Energia. Le ragioni dello sciopero nazionale dei lavoratori dell'Enel
La protesta dei lavoratori Enel a Napoli
Uno sciopero per contestare una strategia industriale focalizzata sui profitti e non sulla transizione energetica, senza un adeguato investimento sul capitale umano. In un 8 marzo caratterizzato da proteste in vari ambiti, dalla scuola ai trasporti alla sanità, la voce dei lavoratori dell’Enel che hanno incrociato le braccia lungo tutta la Penisola è fuori dal coro. «Non scioperiamo per rivendicare aumenti salariali» spiegano i sindacati confederali di categoria ma per chiedere che l’azienda rispetti gli impegni previsti dal Pnrr. Una ventina i cortei in tutta Italia, con adesione allo sciopero del 90% per i sindacati e del 55% per l’azienda.
«Gli elettrici non scioperano quasi mai e quando lo fanno non creano danni all’utenza perché hanno un codice di autoregolamentazione - spiega Amedeo Testa, segretario generale di Flaei Cisl - ma questa volta si è passato il limite. Enel non sta rispettando la propria vocazione industriale che è quella di gestire per conto dello Stato una concessione. Così mette a rischio quella transizione energetica che ha invece l’obbligo di attuare». Per centrare l’obiettivo di implementare del 55% la produzione di energia rinnovabile, uno dei pilastri del Pnrr, secondo i sindacati Enel dovrebbe attuare un piano espansivo, assumendo personale. Invece lo diminuisce, perché chi va in pensione non viene sostituito, e pensa ad esternalizzare alcune attività.
«Enel agisce contro i lavoratori per abbattere il costo del lavoro che rappresenta appena l’8% del prezzo finale dell’elettricità - continua Testa - . Tra i punti che contestiamo l’esternalizzazione di attività core come le manovre in cabina secondaria, particolarmente rischiose per gli operatori. C’è poi la richiesta di istituire due turni di lavoro al posto del turno unico 8-16 e di ridurre lo smartworking, impattando così sulla gestione familiare di migliaia di lavoratori». Per giustificare i risparmi sul personale, viene evocata la necessità di ridurre il debito dell’azienda. «Strizzano l’occhio alla finanza e fanno solo operazioni per quadrare bilanci e produrre utili. Ma non può essere il mercato a dettare le strategie operative di Enel che vive grazie ad una concessione ed ha costi riconosciuti per le attività regolamentate. Vive in sostanza grazie alle bollette degli italiani» aggiunge il segretario di Flaei Cisl.
La protesta dei lavoratori Enel - Ansa
I confederali ricordano una vertenza analoga, quella nel settore della distribuzione di quattro anni fa, che si è conclusa con un lieto fine: l’inserimento di oltre 3mila giovani lavoratori in Enel.
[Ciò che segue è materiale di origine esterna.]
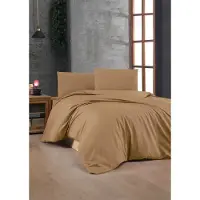 L'essentiel Maison , Light Brown, Ranforce Einzelbettbezug-Set (FR), Hellbraun, 100 % BAUMWOLLE RANFORCE, 140 x 200 cm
I dipendenti dell’azienda sono attualmente 31mila.
Ma non c’è solo la questione occupazionale. L’altro fronte caldo riguarda gli investimenti per le fonti rinnovabili, passati secondo i sindacati da 5,5 miliardi a 2,9 miliardi di euro nei prossimi tre anni, con un generico impegno per la realizzazione di impianti fotovoltaici e sistemi di accumulo e nessun riferimento alla geotermia e al settore idroelettrico.
L’azienda da parte sua smentisce i dati forniti dai sindacati e fa sapere di essere aperta al dialogo a fronte di una chiusura totale della controparte. L’obiettivo di Enel è aprire un confronto per trovare soluzioni che coniughino flessibilità ed efficienza. «I sindacati hanno deciso in maniera unilaterale di aprire uno stato di agitazione» sottolinea una nota. «Le condizioni di mercato e il contesto economico sono significativamente cambiati rispetto al passato» spiega Enel aggiungendo che «è quanto mai necessario che vengano intraprese e implementate le azioni alla base del Piano industriale che peraltro non comportano riduzioni retributive o di personale, né ora, né in futuro, sono nell’esclusivo interesse dell’azienda».
Per Enel sono del tutto infondate sia le accuse di esternalizzazione di attività strategiche, sia quelle legate ai mancati finanziamenti per la transizione energetica. La metà degli investimenti previsti livello globale, 17 miliardi, è destinata all’Italia con un impegno cospicuo, pari a 12 miliardi di euro sulle reti. L’impressione, dicono, è che si tratti di una protesta politica, contro l’amministratore delegato Flavio Cattaneo designato a maggio dal governo Meloni, e in vista delle elezioni delle rappresentanze sindacali di base fissate per il 22 aprile.